President Donald Trump is planning on using his executive powers to cut food stamps for more than 700,000 Americans.
The United States Department of Agriculture is proposing that states should only be allowed to waive a current food stamps requirement — namely, that adults without dependents must work or participate in a job-training program for at least 20 hours each week if they wish to collect food stamps for more than three months in a three-year period — on the condition that those adults live in areas where unemployment is above 7 percent, according to The Washington Post. Currently the USDA regulations permit states to waive that requirement if an adult lives in an area where the unemployment rate is at least 20 percent greater than the national rate.
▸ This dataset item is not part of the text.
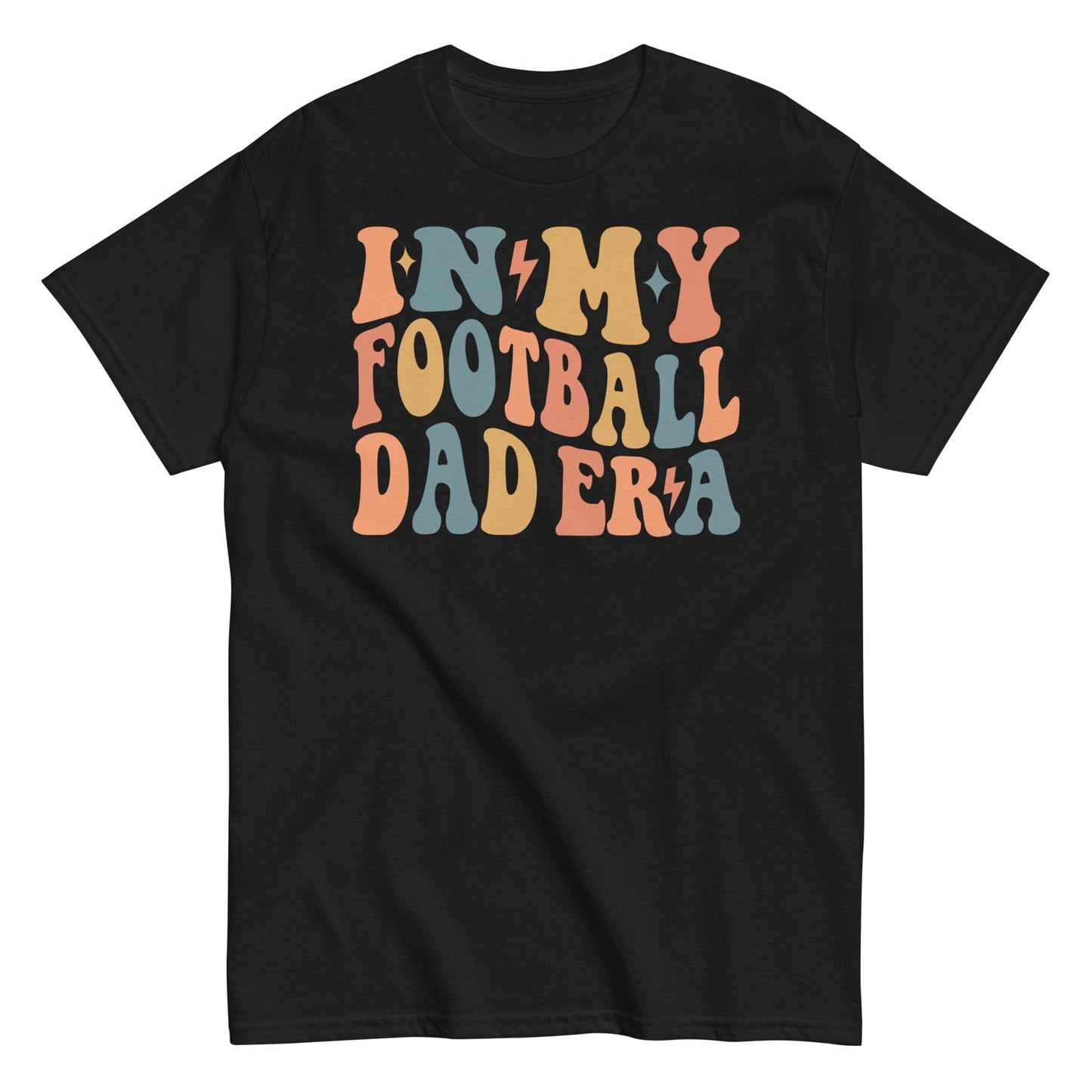 In My Football Dad Era T-Shirt Black / S Spirit Gear Collective T-Shirt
In effect, this means that roughly 755,000 Americans would potentially lose their waivers that permit them to receive food stamps.
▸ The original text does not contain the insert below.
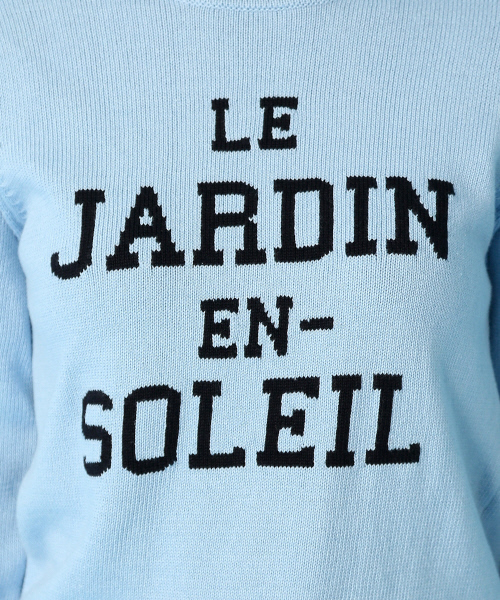 Rouge vif(ルージュヴィフ)の「ロゴインターシャプルオーバー(ニット/セーター・レディース・サックスブルー/ホワイト・FREE)」の5枚目の写真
The current unemployment rate is 3.7 percent.
The Trump administration's decision to impose the stricter food stamp requirements through executive action constitutes an end-run around the legislative process. Although Trump is expected to sign an $870 billion farm bill later this week — and because food stamps goes through the Agriculture Department, it contains food stamp provisions — the measure does not include House stipulations restricting the waiver program and imposing new requirements on parents with children between the ages of six and 12. The Senate version ultimately removed those provisions, meaning that the version being signed into law does not impose a conservative policy on food stamps, which right-wing members of Congress were hoping for.
"Congress writes laws, and the administration is required to write rules based on the law," Sen. Debbie Stabenow, D-Mich., told The New York Times (Stabenow is the top Democrat on the Senate's agriculture committee). "Administrative changes should not be driven by ideology. I do not support unilateral and unjustified changes that would take food away from families."
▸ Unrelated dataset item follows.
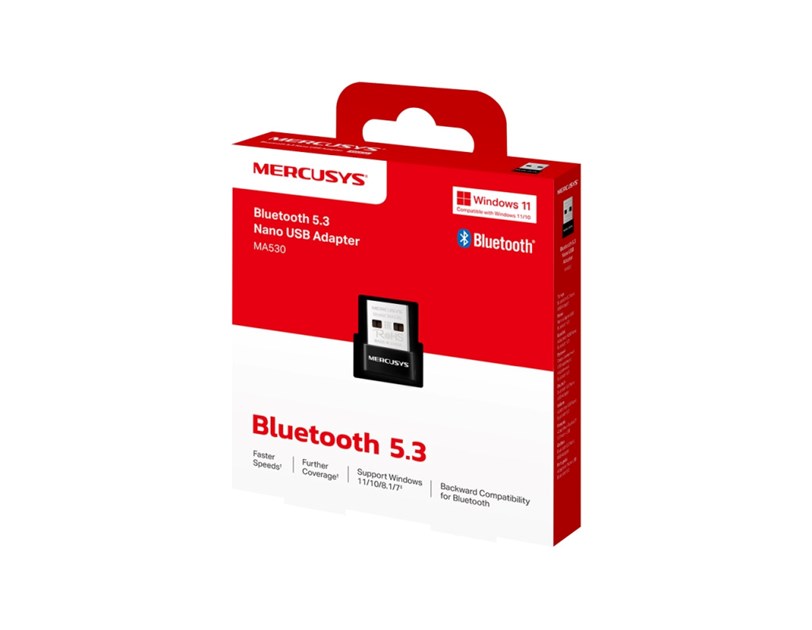 MERCUSYS MA530 Nano Wireless Dual Band USB Adapter, bluetooth 5.3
By contrast, Secretary of Agriculture Sonny Perdue defended the new policy by pointing to the lower unemployment rate, saying that it "is unacceptable to most Americans and belies common sense, particularly when employment opportunities are as plentiful as they currently are." Perdue also claimed that the new policy
"restores the dignity of work to a sizable segment of our population."
The issue of food stamps has long been hotly politicized. During President Barack Obama's administration, conservative critics like former House Speaker Newt Gingrich referred to him as America's "finest food stamp president," according to The Washington Post. This was done as a result of record-breaking numbers of Americans using food stamps and Obama pushing to expand food stamp access while not acknowledging that these moves were necessitated by the onset of the Great Recession in 2008, which preceded Obama's tenure.